DATA RECORDS:
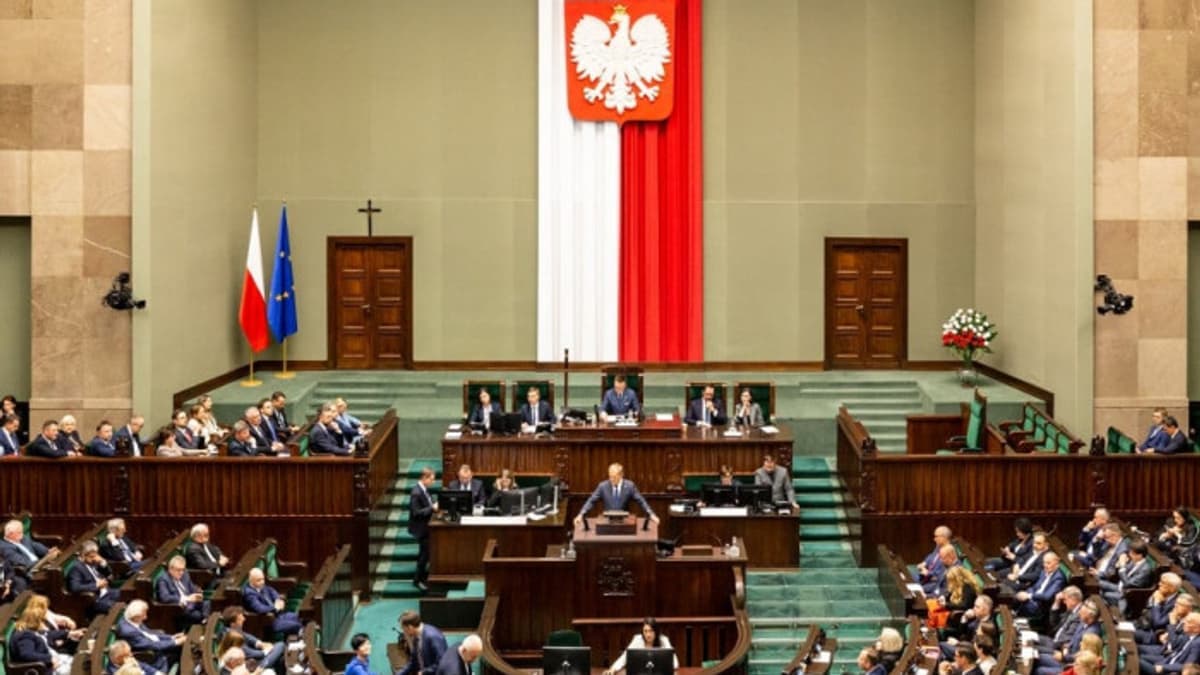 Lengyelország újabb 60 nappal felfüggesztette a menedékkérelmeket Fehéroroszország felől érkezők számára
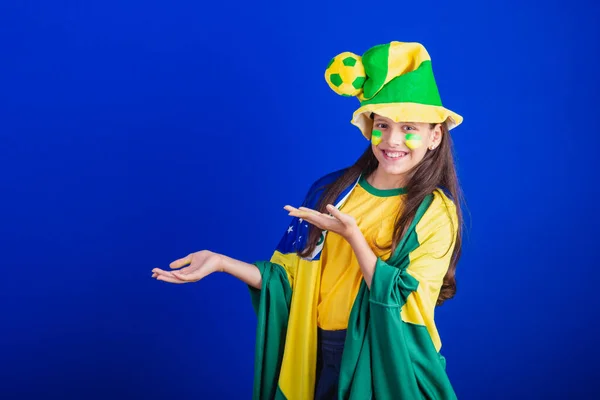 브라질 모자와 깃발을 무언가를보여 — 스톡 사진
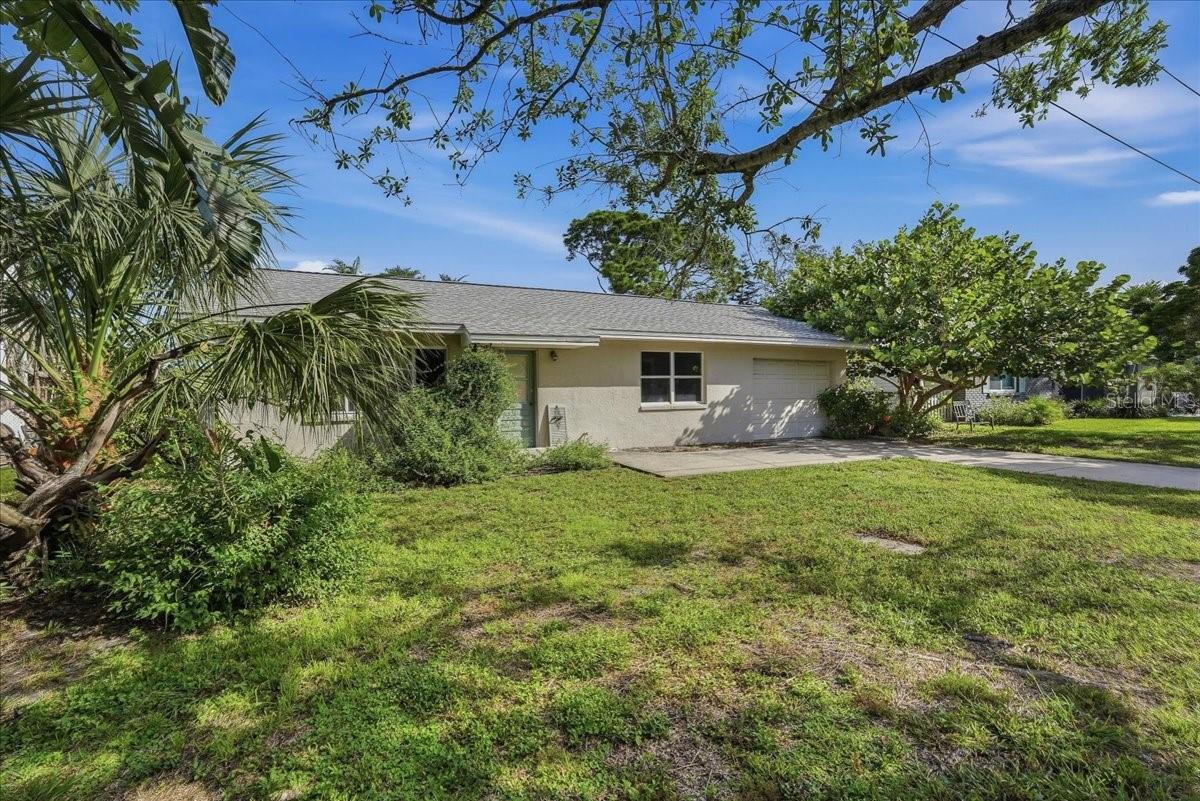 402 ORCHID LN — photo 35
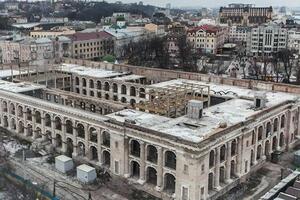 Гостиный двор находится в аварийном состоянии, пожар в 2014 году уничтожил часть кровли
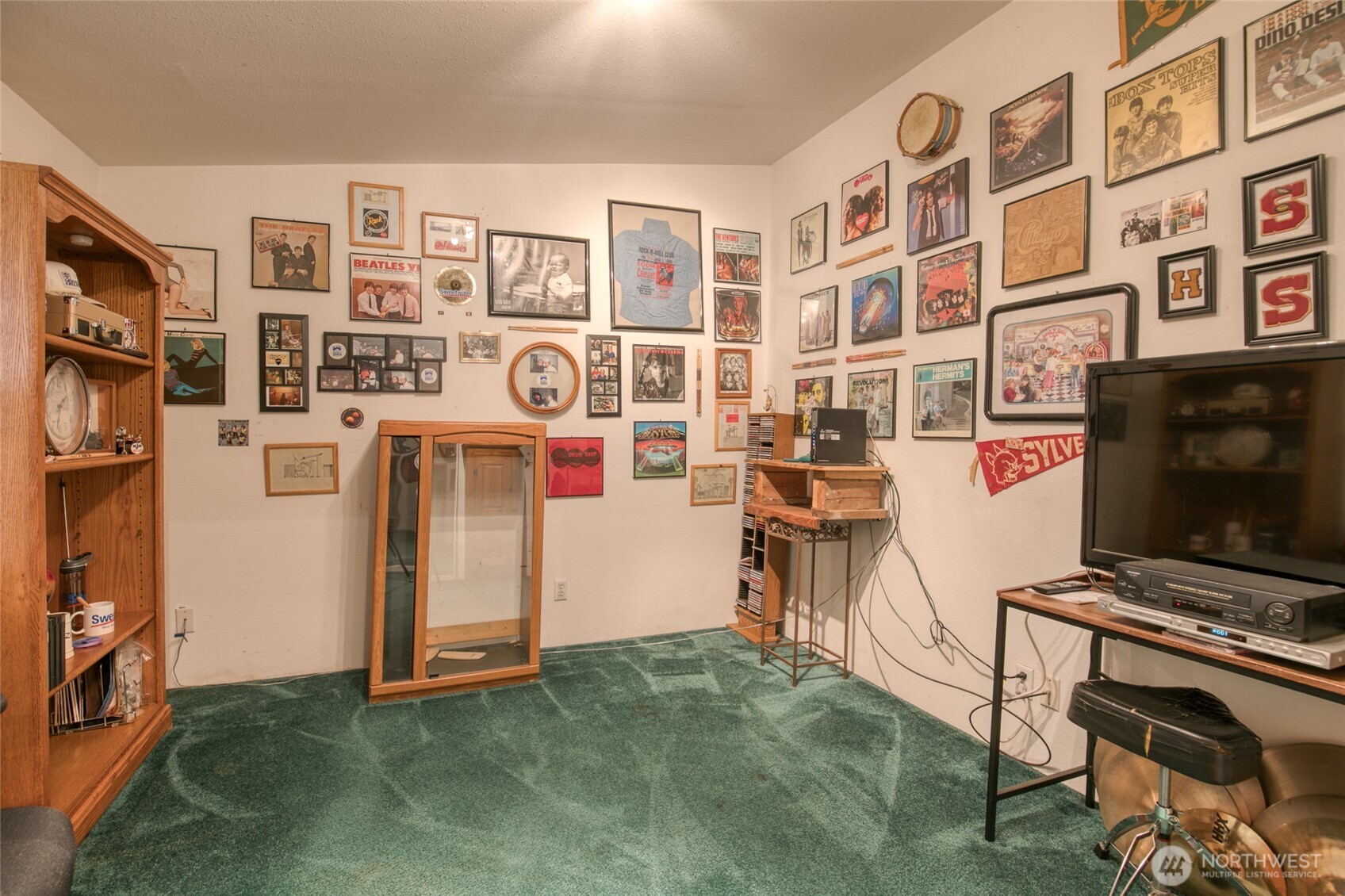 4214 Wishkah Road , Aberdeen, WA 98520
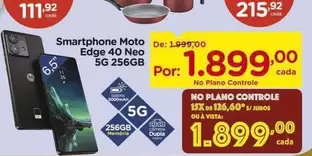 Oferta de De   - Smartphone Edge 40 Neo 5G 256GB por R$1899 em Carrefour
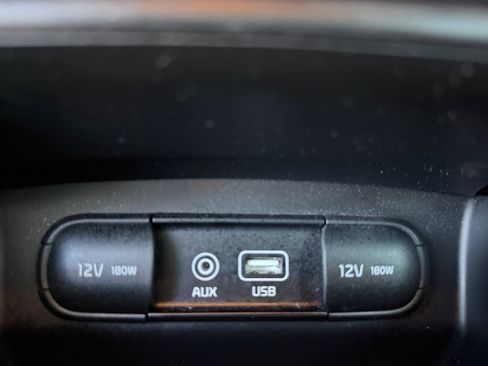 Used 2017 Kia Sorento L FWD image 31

...

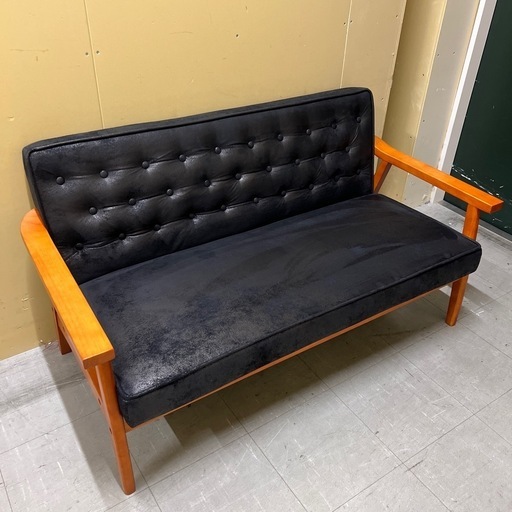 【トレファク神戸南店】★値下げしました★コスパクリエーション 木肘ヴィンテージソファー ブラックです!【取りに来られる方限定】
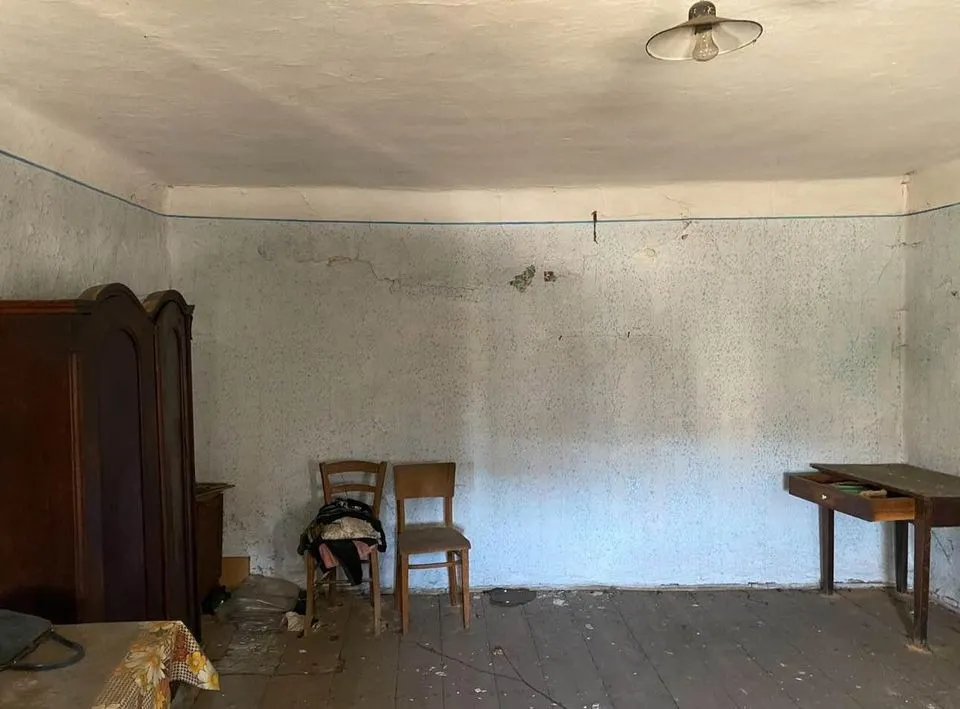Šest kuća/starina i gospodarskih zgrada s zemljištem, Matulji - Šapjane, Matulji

ABOUT THIS EXERCISE: Pictures in the material above should be skipped; print exactly the lines from the one with "Lengyelország újabb 60" through the one with "Used 2017 Kia Sorento L FWD image 31".

RESPONSE:
 Lengyelország újabb 60 nappal felfüggesztette a menedékkérelmeket Fehéroroszország felől érkezők számára
 브라질 모자와 깃발을 무언가를보여 — 스톡 사진
 402 ORCHID LN — photo 35
 Гостиный двор находится в аварийном состоянии, пожар в 2014 году уничтожил часть кровли
 4214 Wishkah Road , Aberdeen, WA 98520
 Oferta de De   - Smartphone Edge 40 Neo 5G 256GB por R$1899 em Carrefour
 Used 2017 Kia Sorento L FWD image 31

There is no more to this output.